By general consensus, the best and most popular film version to date is (sorry, Disney!) the 1946 French production by Jean Cocteau. In that version, the servants of the enchanted Beast are forced to share his enchantment, becoming the walls and furnishings of his castle. There is a moody and haunted quality to those stark faces, staring out of the mouldings of Cocteau's sets.
I was very intrigued to see that some of the (literal) 'furniture' of Cocteau's version has now become absorbed into the general myth of 'Beauty and the Beast'. In later versions -- including the Disney animation, and a television version for Shelley Duvall's 'Faerie Tale Theatre' -- we see such touches as human arms protruding from the castle walls clutching braziers, and living candlesticks and animated teapots. All of these are now a standard part of the traditional story, but they were originally (I'd assumed) Cocteau's innovations. After seeing this 1908 film, I wonder.
In June 2006, an original nitrate print of this 'lost' 1908 movie was discovered at the bottom of a crate of movies from the 1940s. Because all the other prints in the crate were much more recent, nobody had realised that some urgent preservation was required here. By the time this print came to the surface and was recognised for what it was, it mostly wasn't: much of the nitrate stock had deteriorated beyond redemption. The loss is even more regrettable because this print was originally stencil-coloured in the delicate tinting process developed by Lobster Films of Paris ... so, in addition to losing the film, we also lose the beautiful colours of its images.
Fortunately, a brief fragment from the beginning of the reel (about four minutes at 18 fps; barely more than one-third of the total) has survived, and this was shown at Sacile.
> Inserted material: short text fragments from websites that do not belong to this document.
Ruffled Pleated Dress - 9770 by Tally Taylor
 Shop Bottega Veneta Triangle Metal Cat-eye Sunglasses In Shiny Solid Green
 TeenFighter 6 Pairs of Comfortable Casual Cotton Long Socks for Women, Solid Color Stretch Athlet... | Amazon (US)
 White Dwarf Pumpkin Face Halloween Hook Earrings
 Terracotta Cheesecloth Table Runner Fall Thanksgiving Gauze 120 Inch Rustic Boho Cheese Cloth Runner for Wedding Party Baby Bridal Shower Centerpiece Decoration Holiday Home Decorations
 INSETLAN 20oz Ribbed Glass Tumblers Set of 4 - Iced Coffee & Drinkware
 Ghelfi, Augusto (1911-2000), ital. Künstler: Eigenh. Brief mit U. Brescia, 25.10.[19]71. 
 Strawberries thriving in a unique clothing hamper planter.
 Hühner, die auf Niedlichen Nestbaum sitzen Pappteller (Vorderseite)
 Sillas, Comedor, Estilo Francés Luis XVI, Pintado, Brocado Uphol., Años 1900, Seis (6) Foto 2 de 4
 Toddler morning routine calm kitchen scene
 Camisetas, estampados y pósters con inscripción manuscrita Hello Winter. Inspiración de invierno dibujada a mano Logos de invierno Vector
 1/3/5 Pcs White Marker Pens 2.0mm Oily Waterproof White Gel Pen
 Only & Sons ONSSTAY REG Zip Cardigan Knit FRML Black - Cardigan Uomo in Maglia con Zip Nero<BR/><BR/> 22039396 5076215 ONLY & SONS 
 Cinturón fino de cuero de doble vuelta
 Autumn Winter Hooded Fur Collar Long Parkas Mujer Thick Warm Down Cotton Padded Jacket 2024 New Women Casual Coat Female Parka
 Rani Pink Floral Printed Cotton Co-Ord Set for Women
What I saw here is so similar in ambiance and mise-en-scene to the Cocteau film, that I now wonder if Jean Cocteau had seen this movie (presumably from an intact print) or any other silent versions of this classic story. Is it possible that the human candlesticks, and Cocteau's other innovations, were not in fact his creations at all?
I can only hope that a better print of this 1908 movie -- a masterpiece, by the look of it -- will turn up someplace, so that I can tell for certain. As I've seen only a fragment of this movie -- a fragment from the beginning, before the magic begins -- I shan't give it a rating. However, I notice that (as of October 2007) five IMDb viewers have rated this movie, so perhaps there's a print out there which they've seen and I haven't.